Plus pauvres, plus vulnérables

Mais d'autres pays pauvres de la zone euro ne pensent pas n'avoir rien à perdre dans cette situation.

Selon le président estonien Toomas Hendrick Ilves, il faut songer «à tous les créditeurs, pas seulement aux banques», et que des «pays plus pauvres que la Grèce risquent de perdre jusqu'à 4,2% de leur PIB», a-t-il twitté lundi.

Son premier ministre Taavi Roivas a estimé que tous les choix pour la Grèce étaient maintenant «mauvais ou pires» et les réformes «inévitables».

Anciennes républiques de l'Union soviétique devenues indépendantes de Moscou en 1991, l'Estonie et la Lettonie ont rejoint la zone euro respectivement en 2011 et en 2014, suivies en janvier par le troisième pays balte, la Lituanie.

Ces trois États ont lourdement souffert de la crise économique en 2008-2009, subissant une récession profonde avant de se redresser au prix de mesures d'austérité draconiennes et de réformes douloureuses.

«Les Estoniens ne comprennent pas l'attitude des Grecs.
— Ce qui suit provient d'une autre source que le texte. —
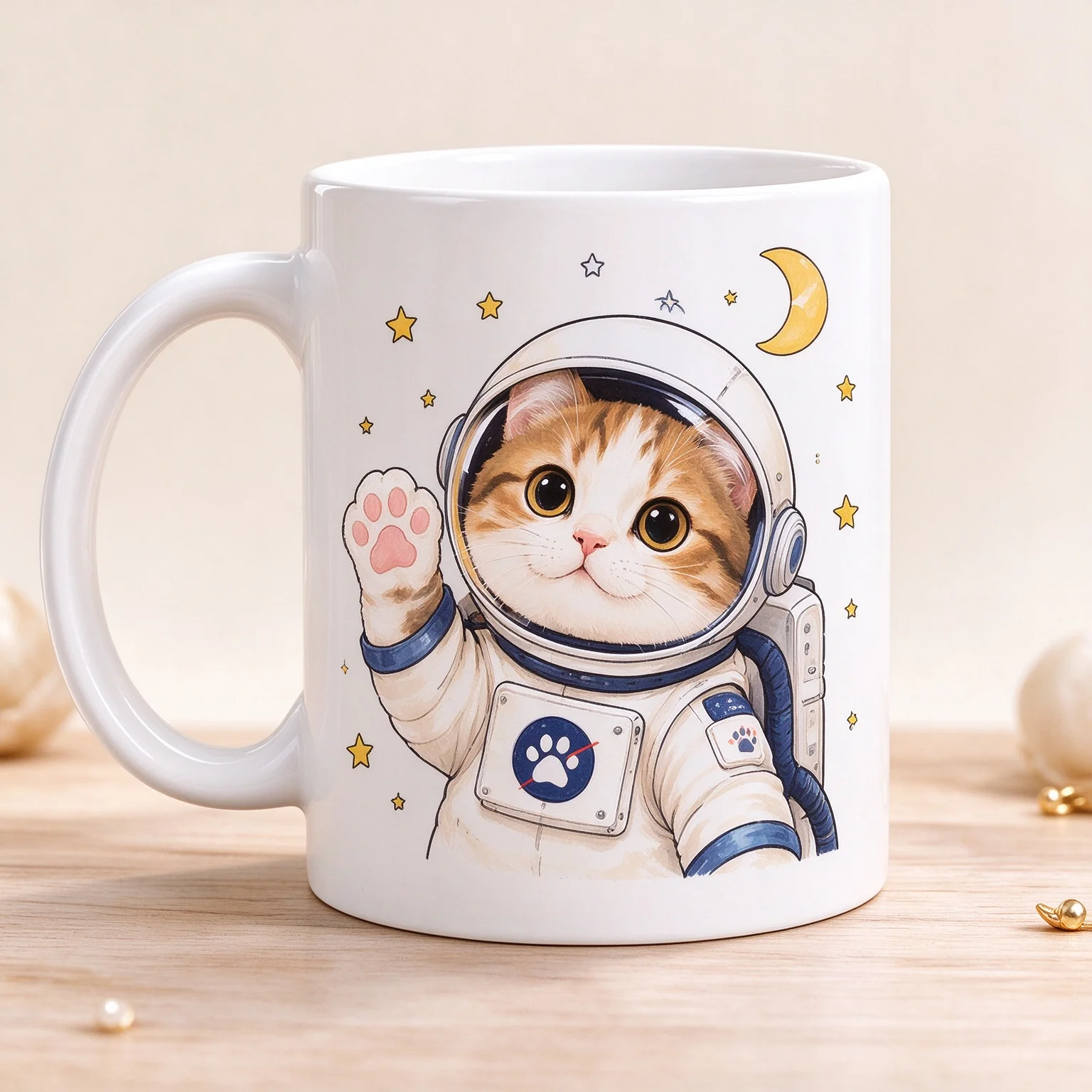 Cute Astronaut Cat Print Ceramic Coffee Mug, Space Kitten Drinking Cup, Gift for Cat Lovers Home Office Tea Cup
Nous avons l'habitude de faire des économies et de vivre sobrement», explique à l'AFP Merit Kopli, rédacteur en chef du plus grand journal estonien Postimees.

«Si je comprends bien, le niveau de vie en Grèce est plus élevé que le nôtre en Estonie. Pour moi, il est normal que les gens paient leurs dettes», s'insurge Maie Mets, une retraitée de 72 ans.

Dans un entretien à l'AFP lundi, le premier ministre lituanien Algirdas Butkevicius s'est dit partisan d'un «gel d'une part de la dette» grecque, et s'est déclaré «optimiste», estimant que la Grèce ne quitterait pas la zone euro.

«Comme nous l'avons dit auparavant, l'Europe maintient la porte ouverte aux négociations si les Grecs sont prêts à y revenir», a déclaré pour sa part à l'AFP Aiva Rozenberga, la porte-parole de la présidente lettone Laimdota Strajauma.

La Lettonie, pays de 2 millions d'habitants, avait subi lors de la crise mondiale la plus grave récession dans le monde, avec une baisse de son PIB de 25% en 2008-2009. Un programme d'aide internationale de 7,5 milliards d'euros, accompagné de réductions drastiques de salaires et pensions, lui avait alors permis d'éviter la faillite.

«Je n'ai pas de sympathie pour les Grecs. Ils auraient dû commencer il y a longtemps à payer les impôts. S'ils veulent de l'argent européen, ils doivent commencer à faire des économies», insiste Brigita Petersone, 59 ans, femme d'affaires à Riga.